• **Work to complete**:
The entire listing, reproduced exactly and stripped of images, is the expected output.

• **Data excerpt**:
______

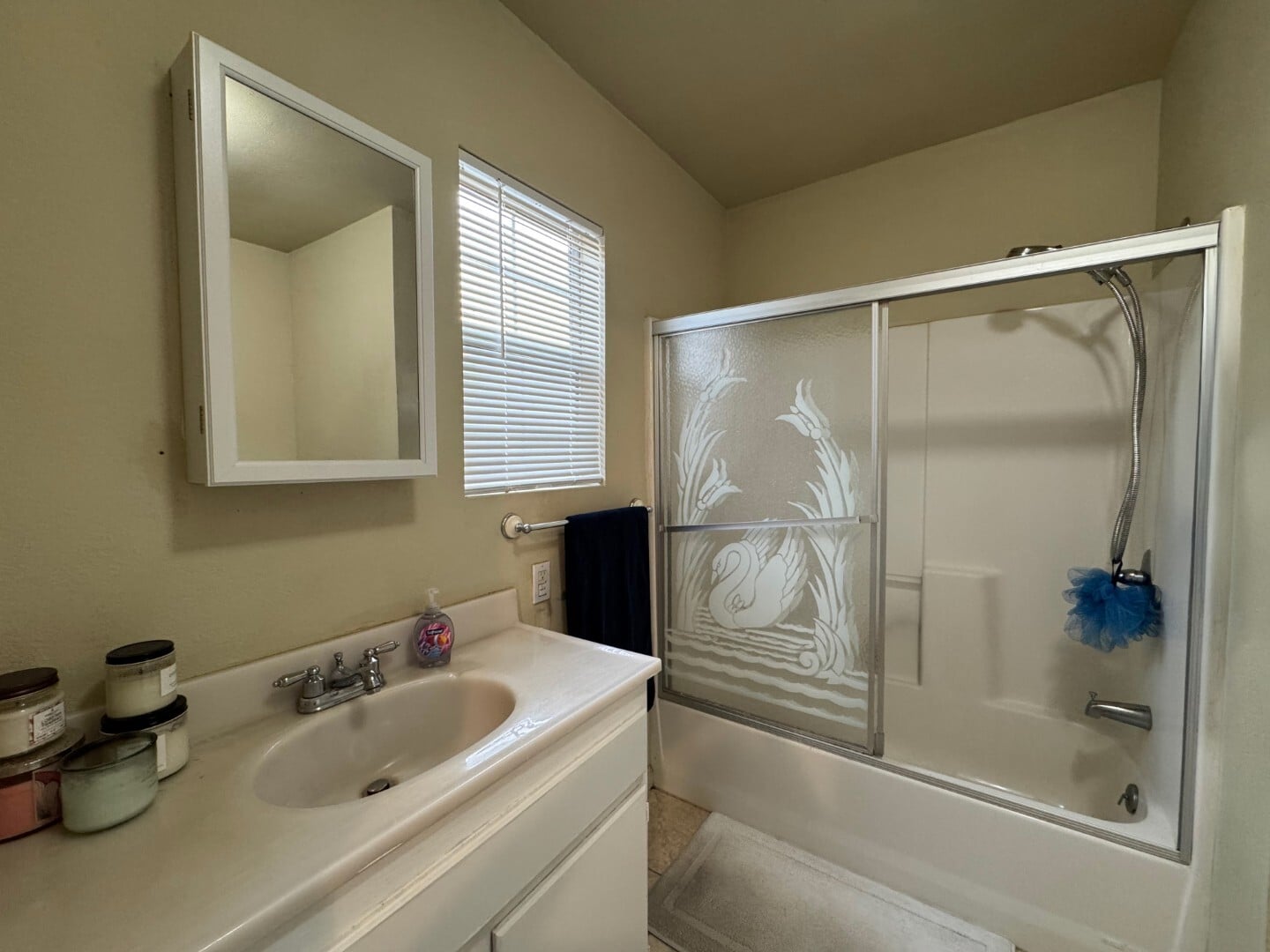 Primary Suite Full Bathroom - 11050 Keswick St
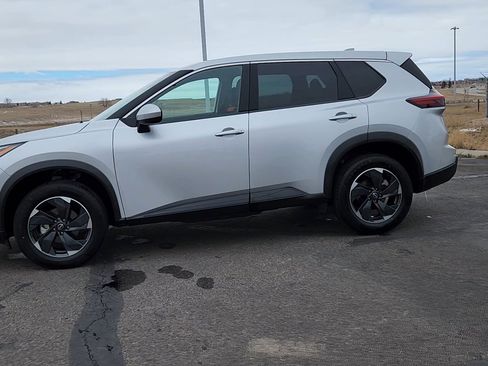 Used 2025 Nissan Rogue SV image 2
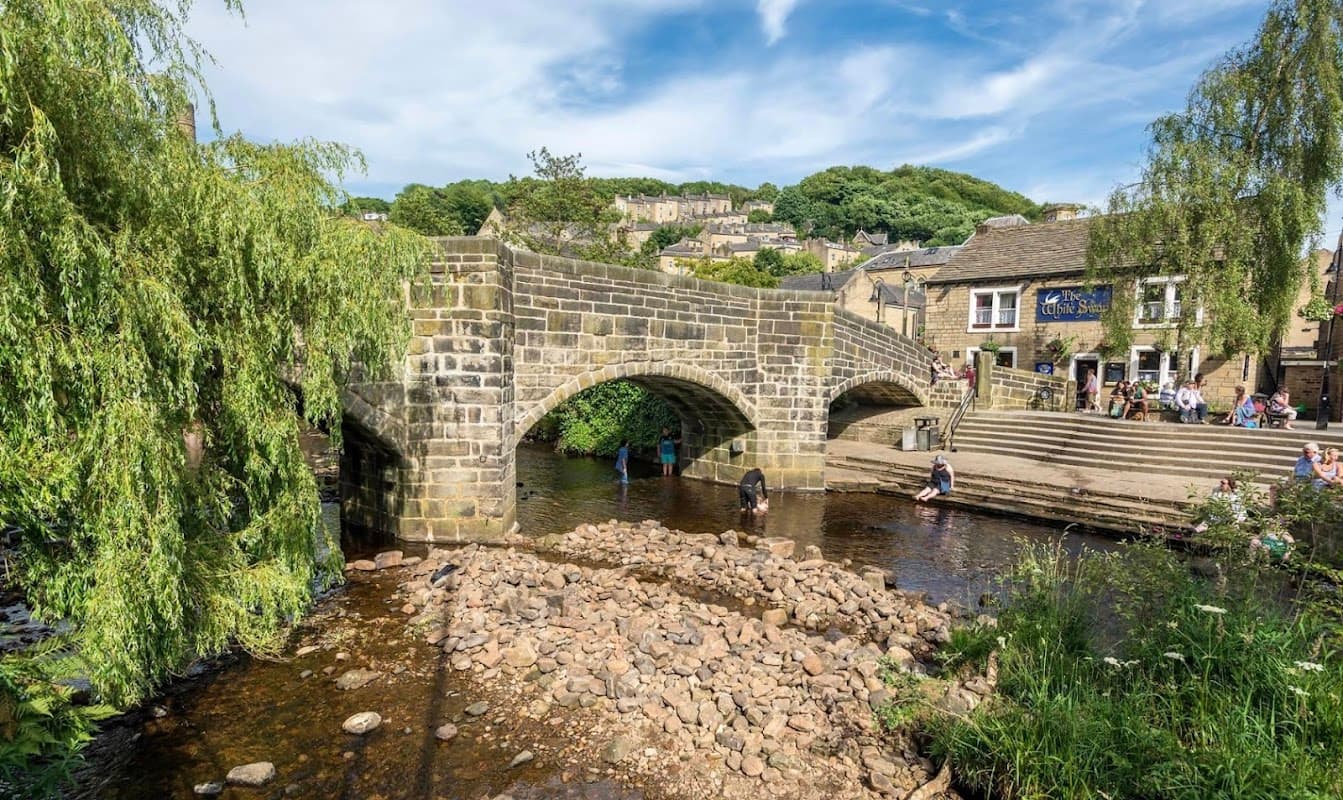Accommodation at Nutclough Cottage - Log Fire and Valley View in hebden bridge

______

• **Written answer**:
 Primary Suite Full Bathroom - 11050 Keswick St
 Used 2025 Nissan Rogue SV image 2
Accommodation at Nutclough Cottage - Log Fire and Valley View in hebden bridge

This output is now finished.